(Web page caption snippets)
□ □ □
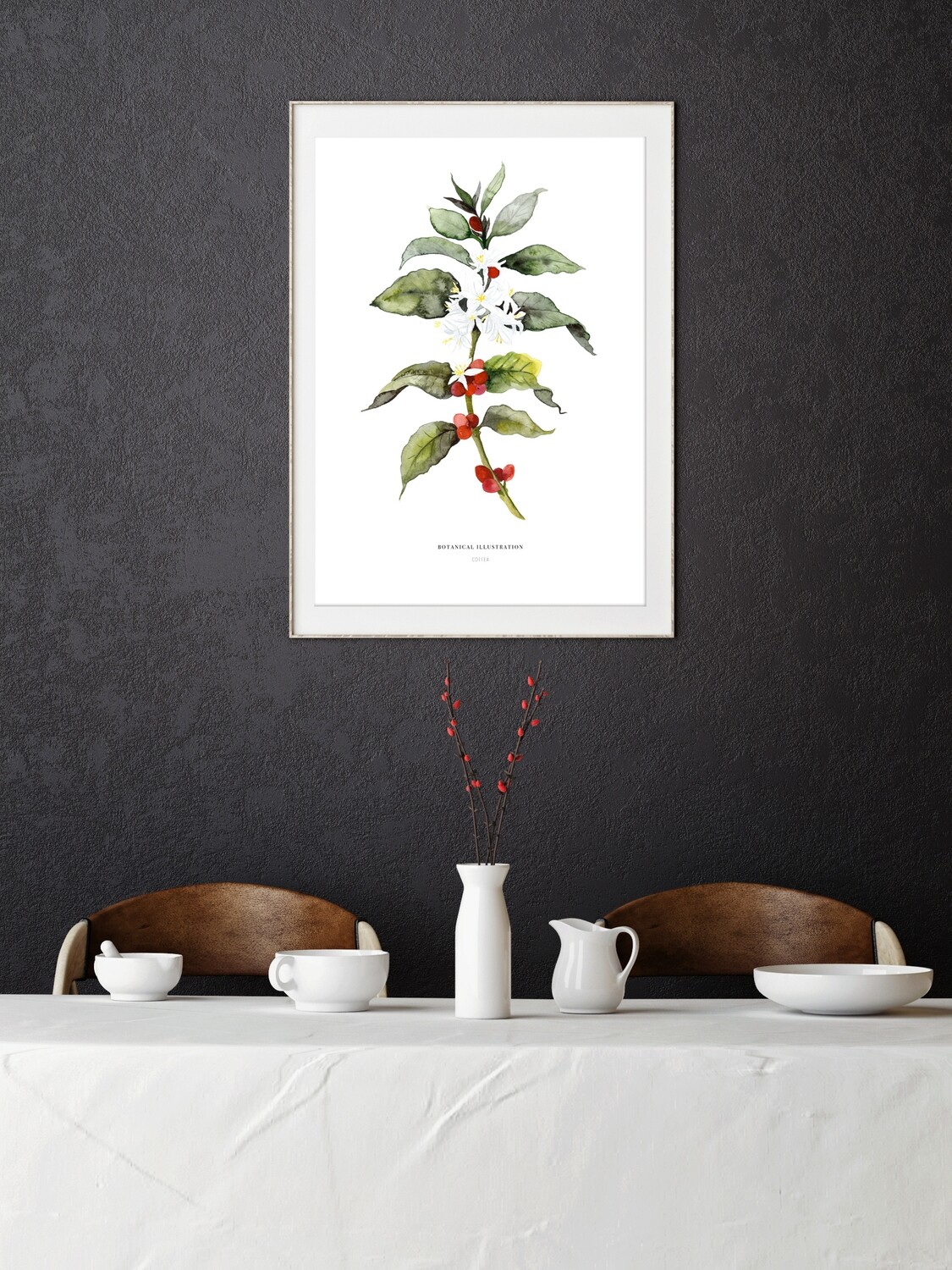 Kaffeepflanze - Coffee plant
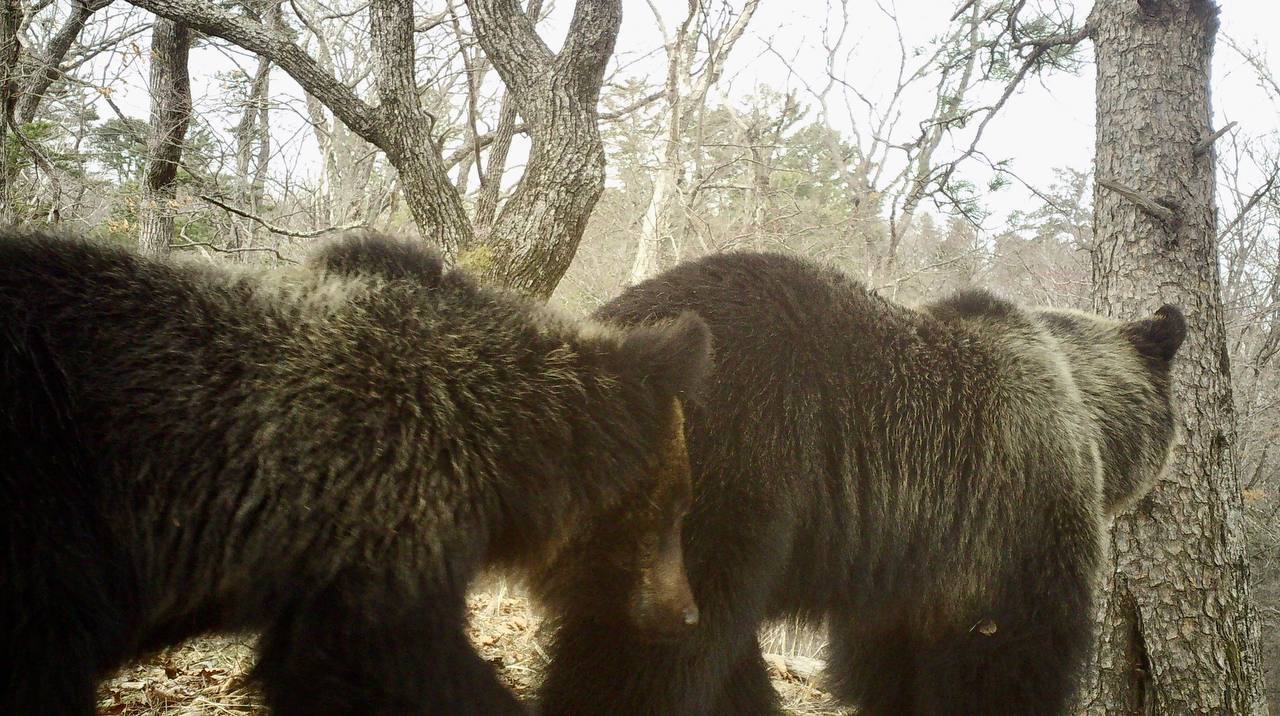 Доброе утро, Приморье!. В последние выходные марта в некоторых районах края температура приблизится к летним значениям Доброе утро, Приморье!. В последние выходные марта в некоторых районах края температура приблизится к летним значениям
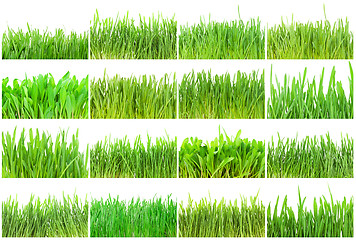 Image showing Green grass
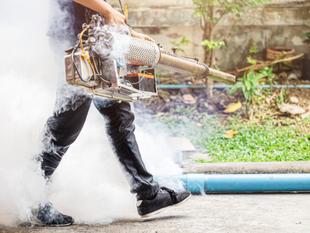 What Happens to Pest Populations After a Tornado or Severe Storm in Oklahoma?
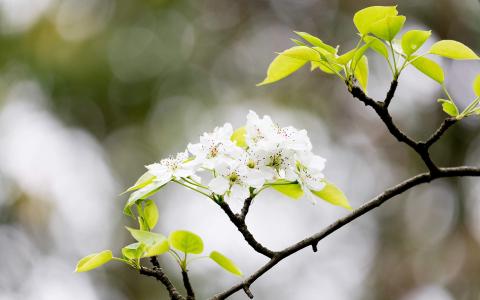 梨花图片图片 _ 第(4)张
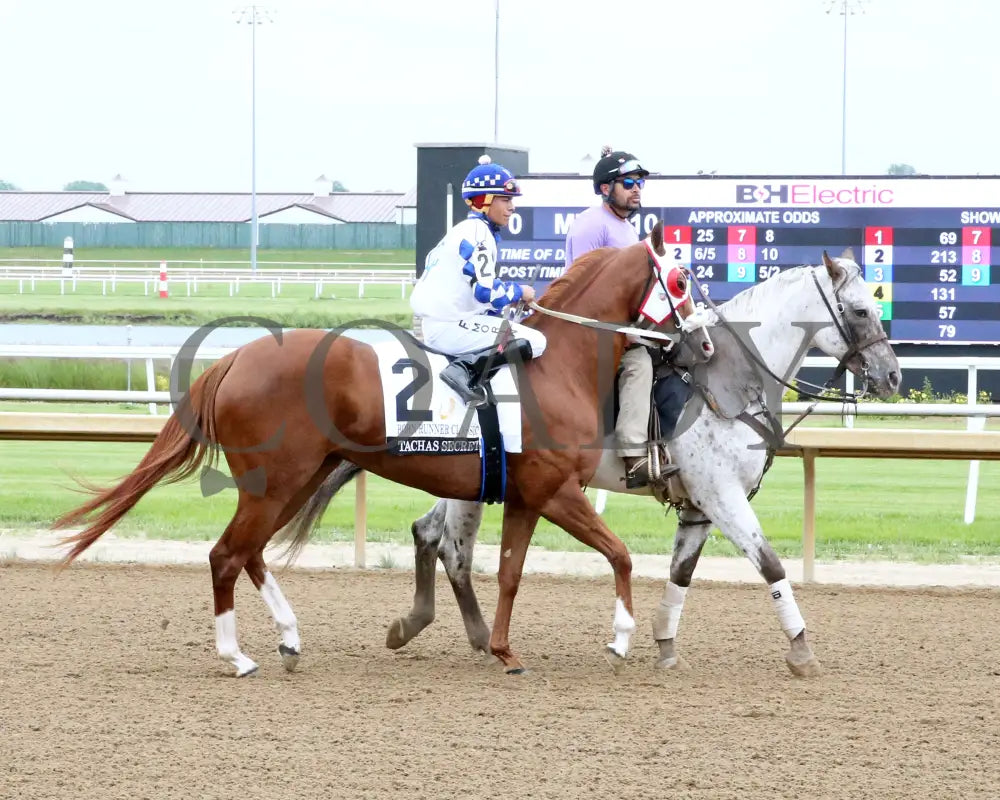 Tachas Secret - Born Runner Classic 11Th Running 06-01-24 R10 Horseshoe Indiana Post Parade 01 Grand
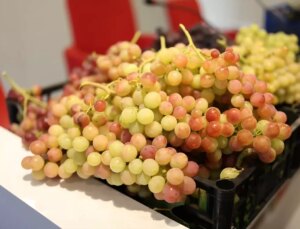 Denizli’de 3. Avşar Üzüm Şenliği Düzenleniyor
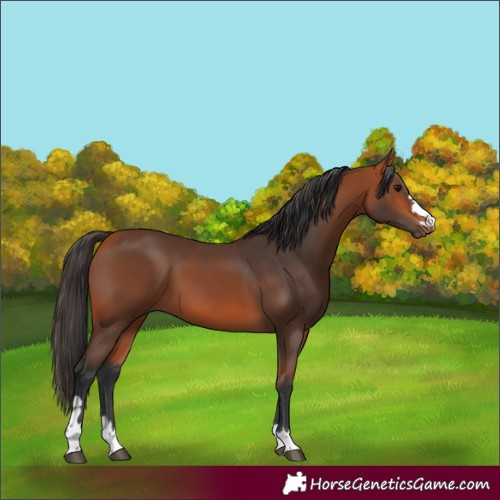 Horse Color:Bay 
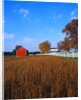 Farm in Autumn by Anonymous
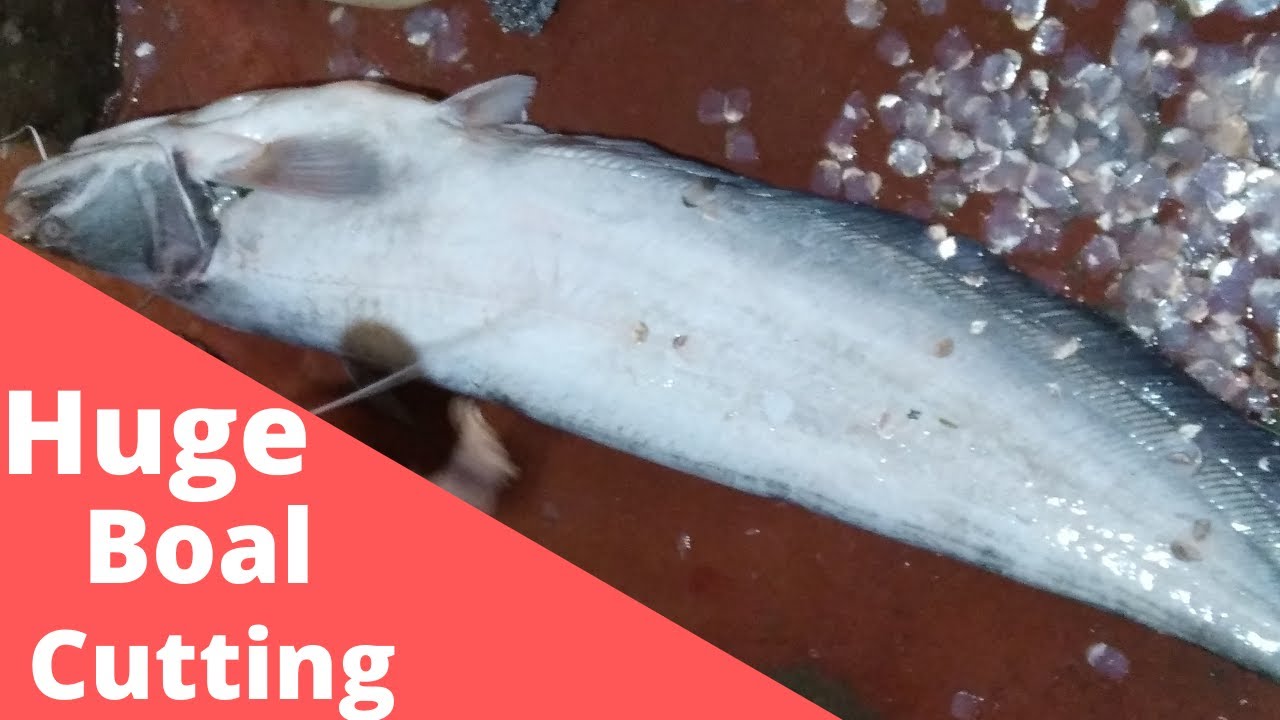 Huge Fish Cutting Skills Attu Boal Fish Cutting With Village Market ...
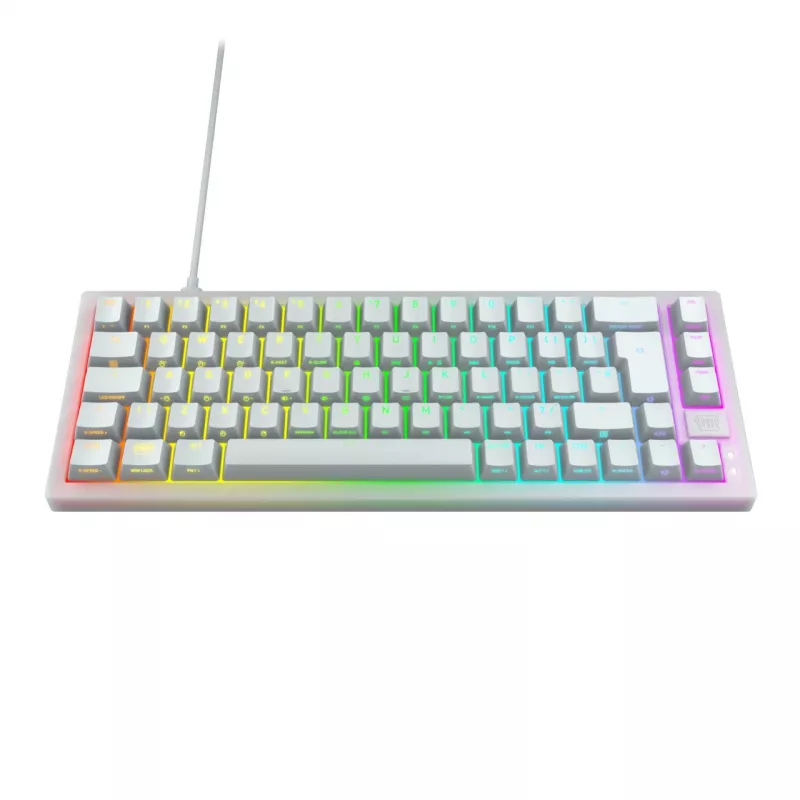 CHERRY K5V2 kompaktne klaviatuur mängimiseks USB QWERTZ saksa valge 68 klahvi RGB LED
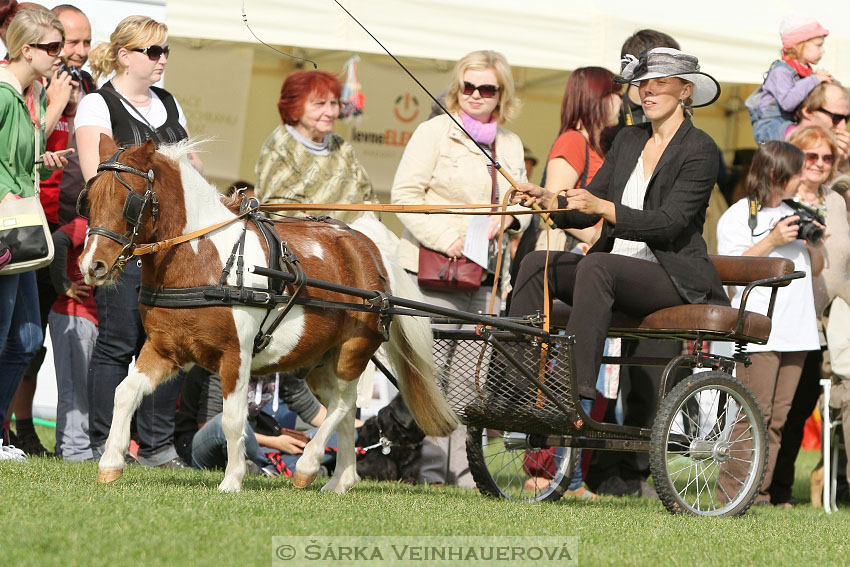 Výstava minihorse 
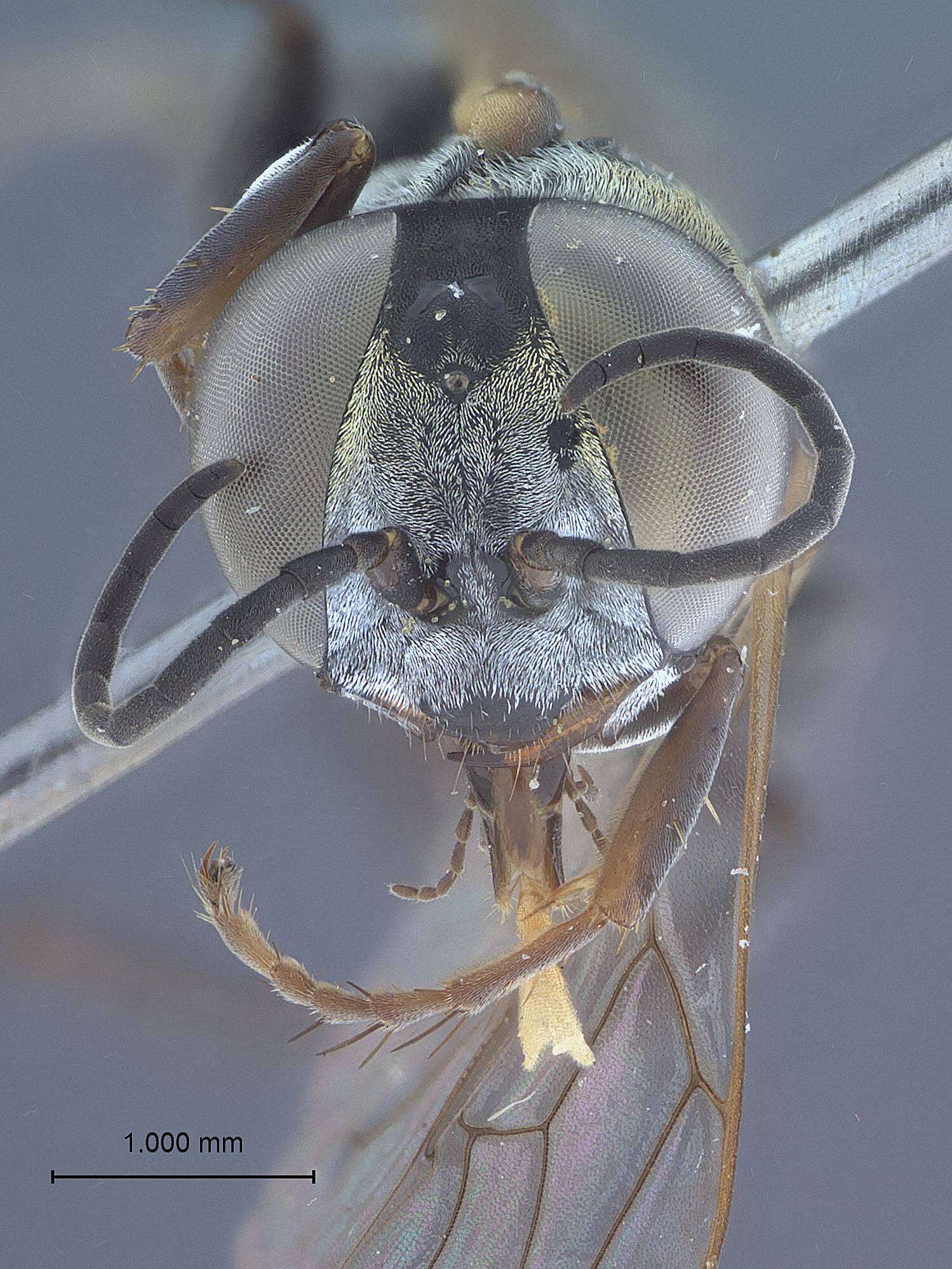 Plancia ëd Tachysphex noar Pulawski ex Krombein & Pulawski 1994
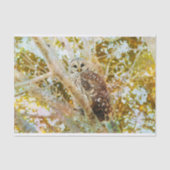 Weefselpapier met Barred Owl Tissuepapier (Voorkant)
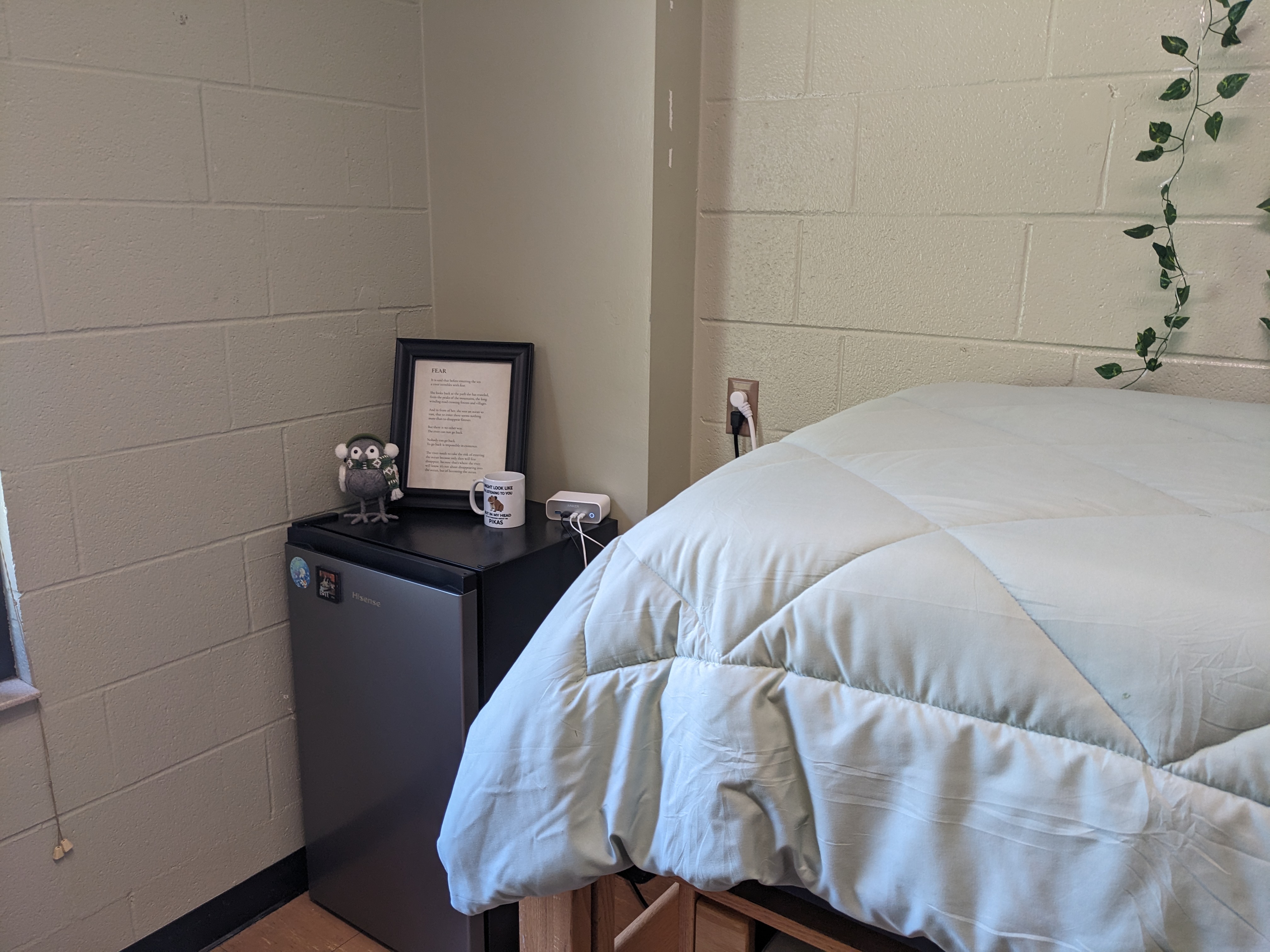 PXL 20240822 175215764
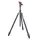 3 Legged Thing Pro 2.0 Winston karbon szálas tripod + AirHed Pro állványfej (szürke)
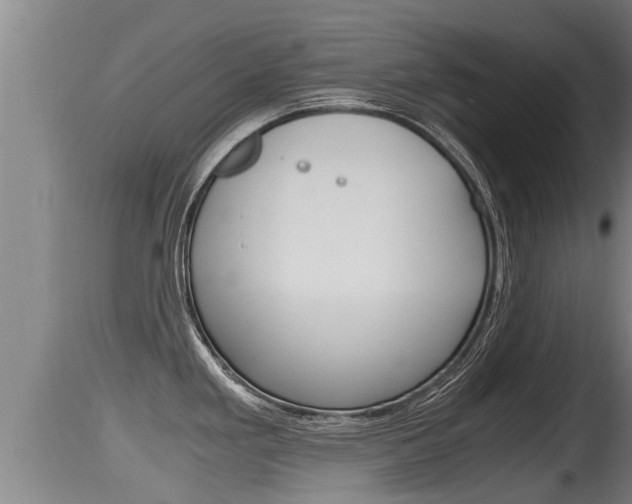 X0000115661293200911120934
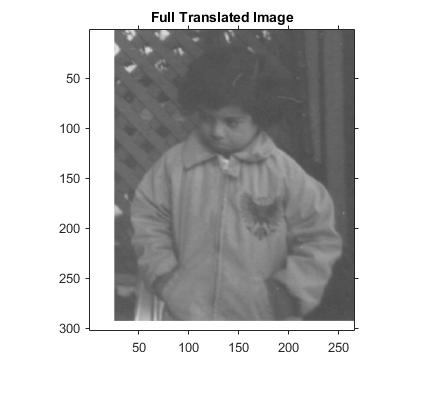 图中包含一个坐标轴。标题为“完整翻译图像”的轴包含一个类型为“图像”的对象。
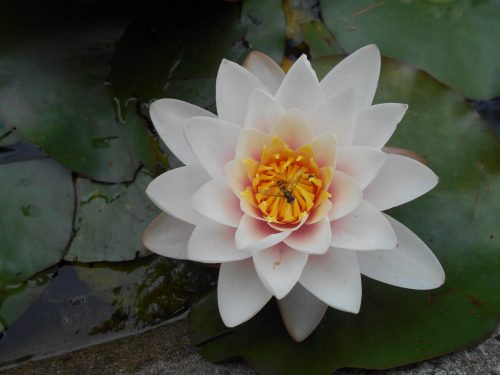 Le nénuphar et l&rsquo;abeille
□ □ □
Task brief ::
Once the pictures are removed, print all the remaining data exactly as it stands.

Response ::
 Kaffeepflanze - Coffee plant
 Доброе утро, Приморье!. В последние выходные марта в некоторых районах края температура приблизится к летним значениям Доброе утро, Приморье!. В последние выходные марта в некоторых районах края температура приблизится к летним значениям
 Image showing Green grass
 What Happens to Pest Populations After a Tornado or Severe Storm in Oklahoma?
 梨花图片图片 _ 第(4)张
 Tachas Secret - Born Runner Classic 11Th Running 06-01-24 R10 Horseshoe Indiana Post Parade 01 Grand
 Denizli’de 3. Avşar Üzüm Şenliği Düzenleniyor
 Horse Color:Bay 
 Farm in Autumn by Anonymous
 Huge Fish Cutting Skills Attu Boal Fish Cutting With Village Market ...
 CHERRY K5V2 kompaktne klaviatuur mängimiseks USB QWERTZ saksa valge 68 klahvi RGB LED
 Výstava minihorse 
 Plancia ëd Tachysphex noar Pulawski ex Krombein & Pulawski 1994
 Weefselpapier met Barred Owl Tissuepapier (Voorkant)
 PXL 20240822 175215764
 3 Legged Thing Pro 2.0 Winston karbon szálas tripod + AirHed Pro állványfej (szürke)
 X0000115661293200911120934
 图中包含一个坐标轴。标题为“完整翻译图像”的轴包含一个类型为“图像”的对象。
 Le nénuphar et l&rsquo;abeille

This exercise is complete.